**Activity**: The goal is a clean copy of all the data below, with pictures dropped and everything else retyped exactly.

**Supplied information**:
_ _ _ _
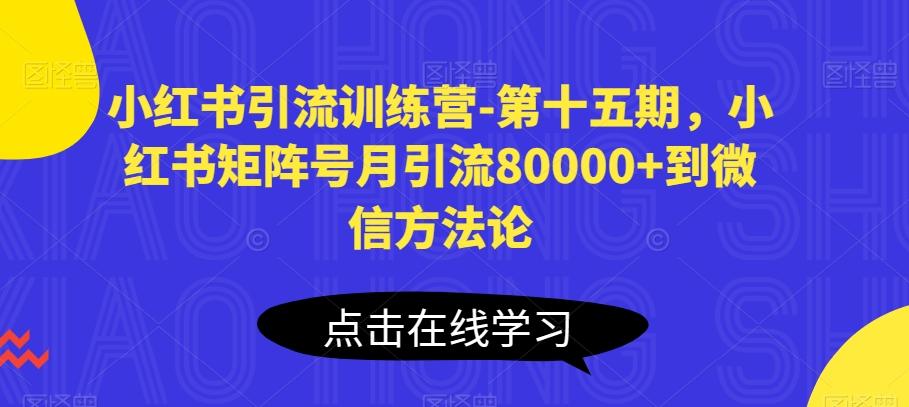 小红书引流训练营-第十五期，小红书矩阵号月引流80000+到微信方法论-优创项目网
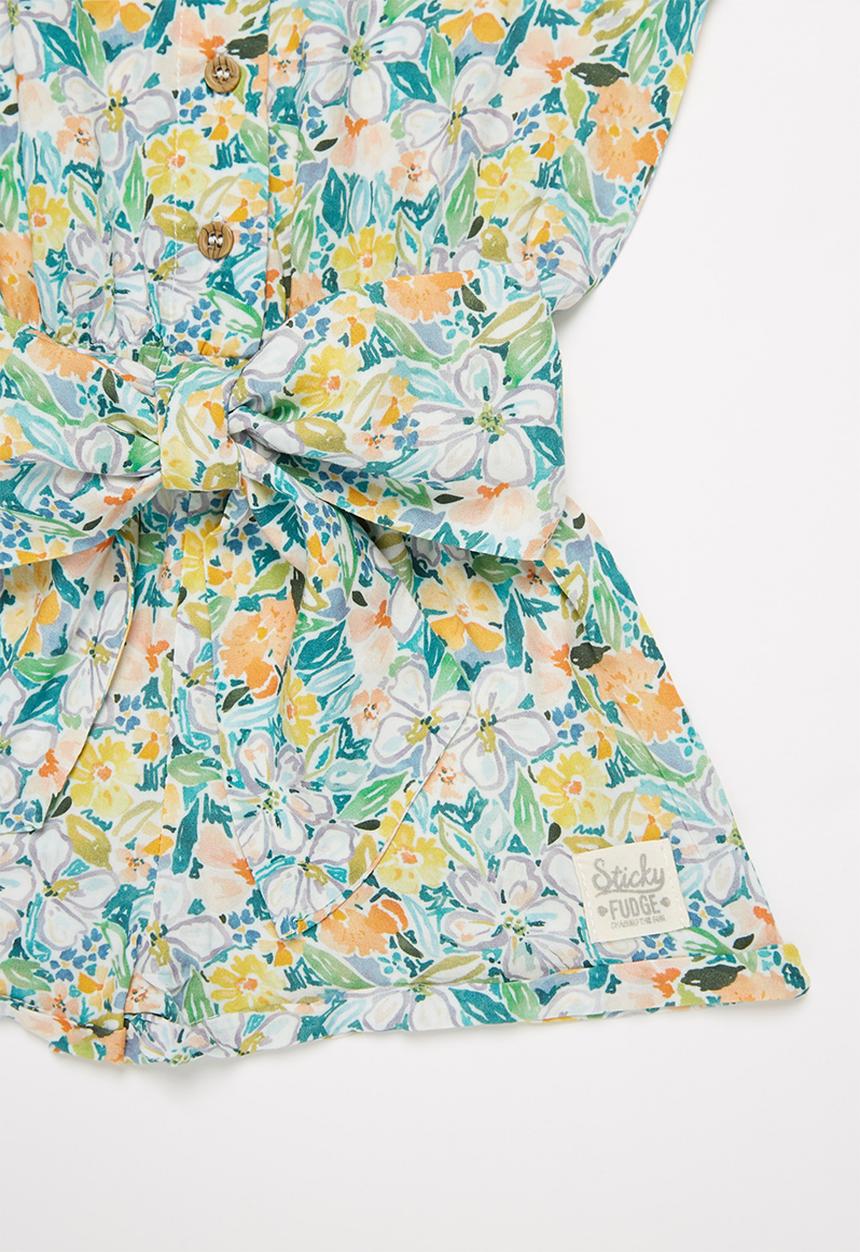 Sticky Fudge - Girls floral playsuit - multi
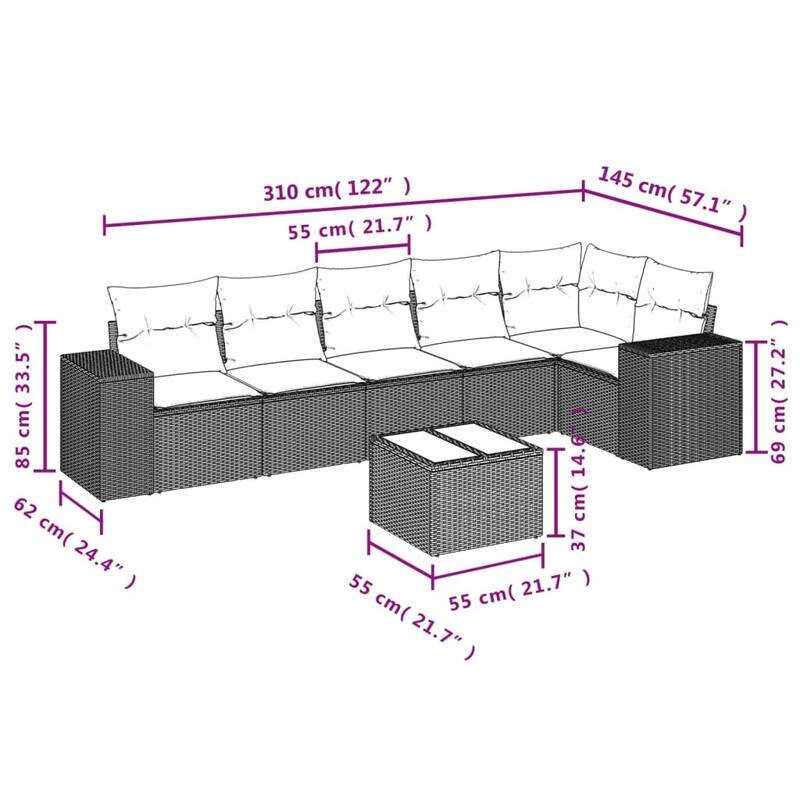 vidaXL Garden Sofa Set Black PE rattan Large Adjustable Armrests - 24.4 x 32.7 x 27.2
_ _ _ _
**Solved exercise**:
 小红书引流训练营-第十五期，小红书矩阵号月引流80000+到微信方法论-优创项目网
 Sticky Fudge - Girls floral playsuit - multi
 vidaXL Garden Sofa Set Black PE rattan Large Adjustable Armrests - 24.4 x 32.7 x 27.2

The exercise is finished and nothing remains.